In this new context, Hafner-Burton’s proposal of “prioritizing some rights and places over others”, if taken as a prescription for the human rights movement as a whole, is also problematic from a strategic point of view. First, who would set the priorities in such a plural and decentralized field? What criterion and procedures would be used to distinguish ‘core’ rights from other rights, or to justify Hafner-Burton’s assertion, that “…discrimination on grounds of sexual orientation and gender identity” is the “[th]e one big, and urgent” issue in need of international regulation?
Second, while Hafner-Burton rightly criticizes too little attention being given to the implementation of legal standards, even as new ones are proposed (as well as the legitimacy costs associated with agreeing standards that can’t be enforced!), it is equally important to realize that gatekeeping has costs of its own. A loss of legitimacy is not the least of them. Gated communities, by definition, operate with a double standard - one for insiders, another one for outsiders. In a growingly multi-polar world, the so-called ‘steward states’ exemption from international scrutiny has become a fundamental problem for the legitimacy of human rights. With increasing confidence, emerging powers and other southern states cite such an asymmetry in order to deflect criticisms of their human rights violations and demand similar exemptions. This was clear, for instance, for those of us who participated in a campaign to counter the efforts by several Latin American states to weaken the enforcement powers of the Inter-American human rights system. They argued that the United States was demanding compliance with decisions of the Inter-American Commission and Court, even as it ignored the Commission’s recommendation to close down Guantánamo; and the US has not ratified the American Convention on Human Rights.

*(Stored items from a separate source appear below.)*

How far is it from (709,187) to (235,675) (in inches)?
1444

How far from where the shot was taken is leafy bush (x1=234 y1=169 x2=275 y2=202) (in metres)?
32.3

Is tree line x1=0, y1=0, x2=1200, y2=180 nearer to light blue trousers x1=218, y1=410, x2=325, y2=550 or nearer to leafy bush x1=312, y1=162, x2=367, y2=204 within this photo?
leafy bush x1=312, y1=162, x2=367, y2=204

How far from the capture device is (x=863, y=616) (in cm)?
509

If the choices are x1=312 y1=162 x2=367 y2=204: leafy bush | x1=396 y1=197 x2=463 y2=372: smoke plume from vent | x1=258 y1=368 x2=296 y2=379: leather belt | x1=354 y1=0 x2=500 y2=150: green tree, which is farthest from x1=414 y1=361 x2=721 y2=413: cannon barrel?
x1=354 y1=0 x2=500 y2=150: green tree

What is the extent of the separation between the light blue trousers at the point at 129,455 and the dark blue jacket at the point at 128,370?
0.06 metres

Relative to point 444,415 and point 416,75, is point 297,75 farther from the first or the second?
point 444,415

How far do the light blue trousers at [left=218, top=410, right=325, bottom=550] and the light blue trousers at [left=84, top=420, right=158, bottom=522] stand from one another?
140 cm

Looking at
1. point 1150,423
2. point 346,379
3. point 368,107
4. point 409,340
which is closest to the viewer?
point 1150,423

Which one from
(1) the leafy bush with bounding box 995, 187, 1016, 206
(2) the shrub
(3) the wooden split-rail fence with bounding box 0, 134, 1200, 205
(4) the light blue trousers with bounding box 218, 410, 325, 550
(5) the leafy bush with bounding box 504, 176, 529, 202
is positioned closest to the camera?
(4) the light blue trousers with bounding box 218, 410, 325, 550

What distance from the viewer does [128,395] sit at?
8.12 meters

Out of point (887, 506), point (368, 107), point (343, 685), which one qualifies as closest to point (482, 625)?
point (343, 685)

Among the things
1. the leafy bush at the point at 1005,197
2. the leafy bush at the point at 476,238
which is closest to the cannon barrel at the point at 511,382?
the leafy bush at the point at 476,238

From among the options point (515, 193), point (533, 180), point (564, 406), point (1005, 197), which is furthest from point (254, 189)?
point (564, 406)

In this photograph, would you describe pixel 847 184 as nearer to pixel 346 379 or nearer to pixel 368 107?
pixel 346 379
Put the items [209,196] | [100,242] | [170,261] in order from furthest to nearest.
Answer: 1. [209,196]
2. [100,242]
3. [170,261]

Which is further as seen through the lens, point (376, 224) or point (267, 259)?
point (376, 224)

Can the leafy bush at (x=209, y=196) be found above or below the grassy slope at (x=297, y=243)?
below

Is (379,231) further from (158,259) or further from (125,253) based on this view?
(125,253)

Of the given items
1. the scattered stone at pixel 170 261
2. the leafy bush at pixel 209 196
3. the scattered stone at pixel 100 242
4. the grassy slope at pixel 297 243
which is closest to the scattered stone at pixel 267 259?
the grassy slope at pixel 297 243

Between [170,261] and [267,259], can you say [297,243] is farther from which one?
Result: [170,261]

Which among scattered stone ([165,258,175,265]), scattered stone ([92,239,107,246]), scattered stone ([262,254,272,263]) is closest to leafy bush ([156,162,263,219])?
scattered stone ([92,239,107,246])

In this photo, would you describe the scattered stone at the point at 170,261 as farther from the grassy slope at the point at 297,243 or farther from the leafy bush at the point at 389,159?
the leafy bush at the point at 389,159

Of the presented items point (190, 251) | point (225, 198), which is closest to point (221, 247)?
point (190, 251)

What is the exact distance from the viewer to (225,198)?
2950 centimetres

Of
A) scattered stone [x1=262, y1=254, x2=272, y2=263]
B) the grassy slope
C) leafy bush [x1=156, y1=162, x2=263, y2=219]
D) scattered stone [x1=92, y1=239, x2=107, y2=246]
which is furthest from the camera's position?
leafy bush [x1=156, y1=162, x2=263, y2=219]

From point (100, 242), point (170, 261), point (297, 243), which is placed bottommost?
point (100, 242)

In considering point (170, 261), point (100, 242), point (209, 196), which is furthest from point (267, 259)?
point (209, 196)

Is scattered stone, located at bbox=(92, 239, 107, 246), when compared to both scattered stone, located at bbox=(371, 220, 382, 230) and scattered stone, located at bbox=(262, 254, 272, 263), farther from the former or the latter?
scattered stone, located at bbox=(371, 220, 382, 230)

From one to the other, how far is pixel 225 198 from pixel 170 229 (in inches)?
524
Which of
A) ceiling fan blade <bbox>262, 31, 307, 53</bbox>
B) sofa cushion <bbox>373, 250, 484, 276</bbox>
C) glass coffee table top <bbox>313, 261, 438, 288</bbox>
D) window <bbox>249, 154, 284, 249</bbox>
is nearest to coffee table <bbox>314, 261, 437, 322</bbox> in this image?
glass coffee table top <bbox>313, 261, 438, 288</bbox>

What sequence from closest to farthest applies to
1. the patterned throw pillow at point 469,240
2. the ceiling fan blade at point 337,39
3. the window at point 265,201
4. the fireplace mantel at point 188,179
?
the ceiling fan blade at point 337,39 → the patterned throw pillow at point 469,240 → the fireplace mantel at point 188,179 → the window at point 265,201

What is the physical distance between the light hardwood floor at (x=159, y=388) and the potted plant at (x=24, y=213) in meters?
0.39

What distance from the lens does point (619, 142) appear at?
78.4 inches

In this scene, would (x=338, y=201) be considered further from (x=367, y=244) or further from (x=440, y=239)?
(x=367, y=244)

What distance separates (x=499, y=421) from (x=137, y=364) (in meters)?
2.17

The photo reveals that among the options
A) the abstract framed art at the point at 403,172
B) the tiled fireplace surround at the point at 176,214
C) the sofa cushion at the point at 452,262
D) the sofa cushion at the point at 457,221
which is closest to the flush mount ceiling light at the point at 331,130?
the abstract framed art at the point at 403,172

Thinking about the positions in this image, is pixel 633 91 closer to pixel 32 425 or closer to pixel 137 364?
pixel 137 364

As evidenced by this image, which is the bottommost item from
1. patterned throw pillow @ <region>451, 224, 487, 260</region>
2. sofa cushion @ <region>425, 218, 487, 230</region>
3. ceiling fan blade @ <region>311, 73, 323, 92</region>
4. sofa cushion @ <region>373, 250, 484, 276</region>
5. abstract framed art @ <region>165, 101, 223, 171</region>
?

In sum, the call for priority setting is important at the organizational level (although even at that scale its results are far from clear, as the likelihood of success is not the only relevant criterion for determining priorities). But when extrapolated to the human rights field as a whole – to the “we in the international human rights community” that Hafner-Burton writes about – it is unfeasible and even counterproductive. This field is a diverse ecosystem, not a hierarchy, as I’ve argued before.
Priority setting should thus be but one of many equally important questions: What modes of collaboration between different types of actors (professional/non-professional, northern/southern, domestic/international) can lead to more effective action? What types of new organizations and connections would need to be created in order to strengthen the human rights ecosystem as a whole? What types of strategies would be needed to combine the strengths of specialized legal advocacy, scientific knowledge and street mobilizations?
In a complex and interdependent world, our questions need to be informed by biology as much as by management. We need to spend less time on gatekeeping and more time on symbiosis.